Due to being insufficiently pious in earlier lives, I find myself cursed with an increasingly strong obsession that tells me that I! Must! Built! A! House! From! Scratch! before I die (or get too old to manhandle 2x10 girders up to the second story of a house.) One of the spinoffs of this obsession is that I occasionally buy modern design magazines so I can get some idea of how I'm going to lay out and decorate the inside of the so-far-hypothetical maison des rêves idiots (don't laugh; occasionally you can find magazines that actually show the interior of the house instead of the huge heaps of expensive junk that the self-proclaimed architecture writers feel is necessary to show that a house is indeed of a superior design. It's the same sort of logic that leads to the syndrome where you'll find, tucked away in the very best neighborhoods, houses that are so ugly and awkward that you have trouble even starting to find something that you can point at to say "look, that feature just makes no sense on a house like this.")

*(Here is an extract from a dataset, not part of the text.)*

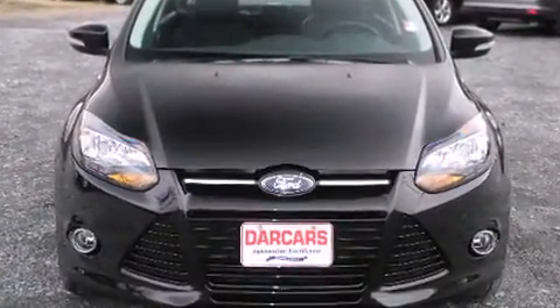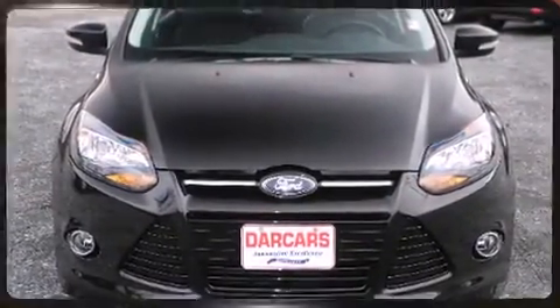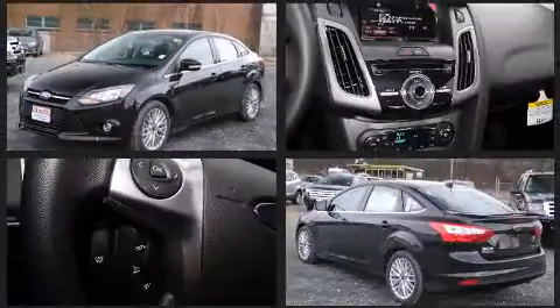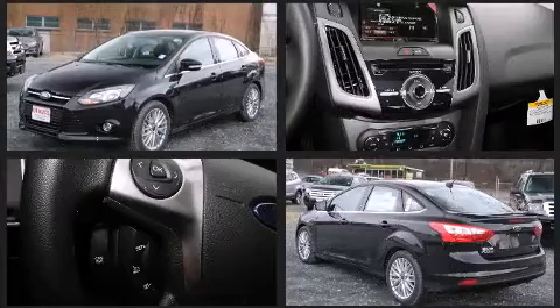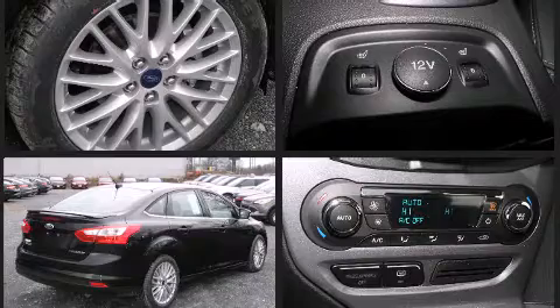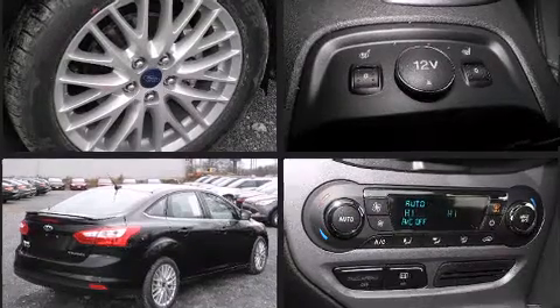Ford prioritized fit and finish as evidenced by variably intermittent wipers, adjustable headrests in all seating positions, fully automatic headlights, and much more. Features such as automatic climate control and leather upholstery prove that economical transportation does not need to be sparsely equipped.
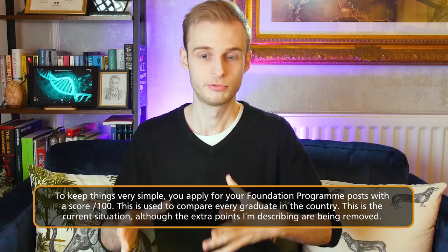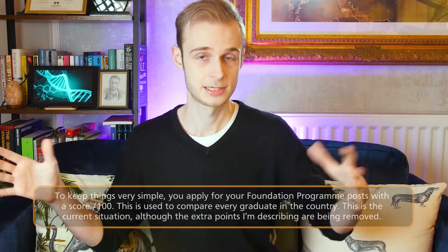You then move on into foundation training, which encompasses foundation year one and foundation year two. This is currently a competitive process, and the way it works is you get a score out of 100. At the moment, 50 points come from the situational judgment test (SJT), and 43 from your decile at medical school — ranging from 34 to 43 depending on whether you're in the top or bottom decile, so nine points are modifiable. There are five extra points for additional degrees up to a PhD, and two points for PubMed-indexed publications such as research articles or letters to the editor. All of these combine to give you a score out of 100, used to compare you to all other final year medical students applying for jobs in the locations and specialties they want.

But, of course, for a design magazines to make a living, it's got to sell a lot of advertising. And some of the magazines aren't very particular about the advertising as long as they can fill up column inches with revenue-generating copy.
Take this (admittedly terrible) scanned image that I pulled out of a two page ad at the start of an (unnamed, sorry) magazine that's aimed at Arts & Crafts, Craftsman, Prairie Style, and fellow traveller design schools. The ad copy around this image prominently mentions Arts & Crafts and goes on for several paragraphs about the way fine furniture was made before my grandparents came along and spoiled the fun. But then they show this picture.
I'm sure that there are A&C counters that have obelisk-style legs. And I'm sure that there are A&C counters that have ornamental wooden braces to help support the edges of the countertop. And I'm sure that, at least once in a fever dream, Morris put tiny decorative braces around the top of a table (and then took a hatchet to the table the next morning when he saw what it looked like in full light.) But to put ALL OF THEM on the same counter?
It's something. It's not Arts & Crafts, but it's something. It's sort of like something Richardson would have done if he'd lived to be 140 years old and was able to participate in a Romanesque backlash against the modernist curse of the Prairie Style. This counter is noisy, it's cluttered, and it's sloppily modern (the countertop looks like it's either a big slab of Barre granite or a chunk of one of those countertop plastics) in a way that does not give any credit to any of the designs that it sloppily takes from.
It might be happy in a Gehry building or one of those "too much money to afford to hire a good architect" McMansions, but you'd need to be Oscar Wilde to get away with putting it into your bungalow.